-------- Data extracts

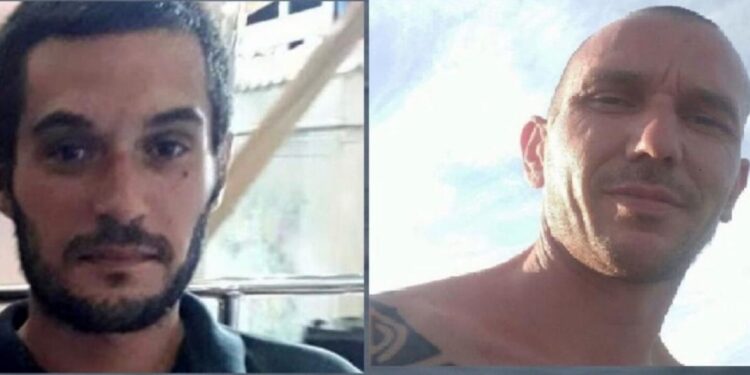 Naufragio all’Asinara, Govannino Pinna a processo: “Uccise il cugino Davide Calvia e simulò l’annegamento”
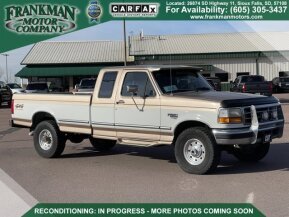 1997 Ford F250 for sale 101821074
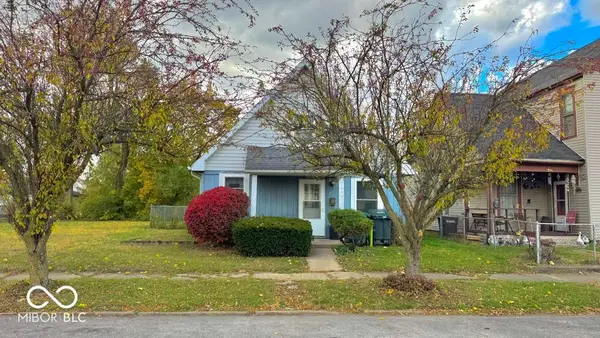 723 N Jefferson Street, Muncie, IN 47305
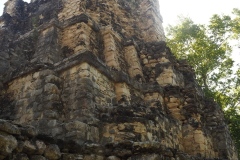 Muyil - Quintana Roo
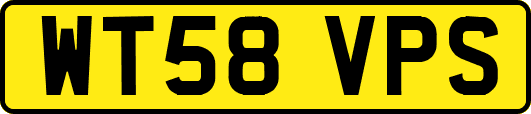 WT58VPS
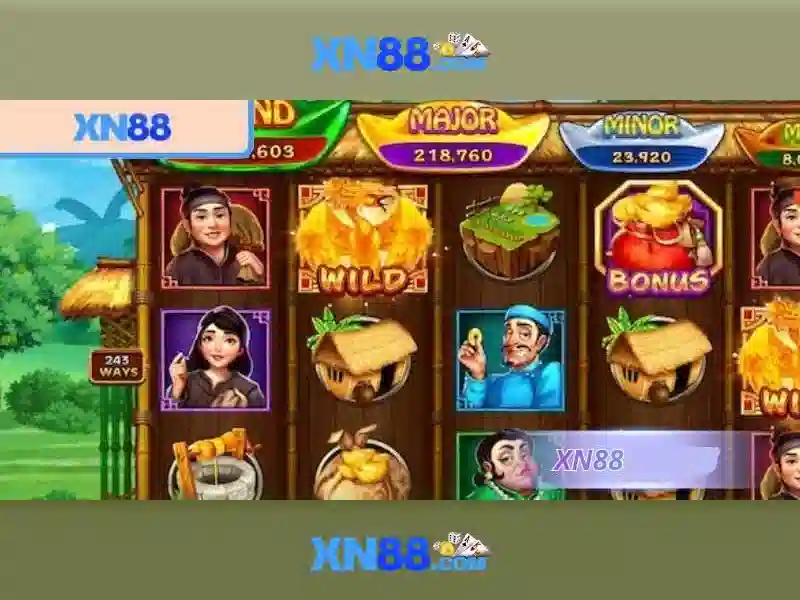 XN88 – Đánh giá và hướng dẫn sử dụng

----------------

§ Prompt
Omit every picture, then repeat the remaining data exactly as it appears above.

§ Solution to this problem
 Naufragio all’Asinara, Govannino Pinna a processo: “Uccise il cugino Davide Calvia e simulò l’annegamento”
 1997 Ford F250 for sale 101821074
 723 N Jefferson Street, Muncie, IN 47305
 Muyil - Quintana Roo
 WT58VPS
 XN88 – Đánh giá và hướng dẫn sử dụng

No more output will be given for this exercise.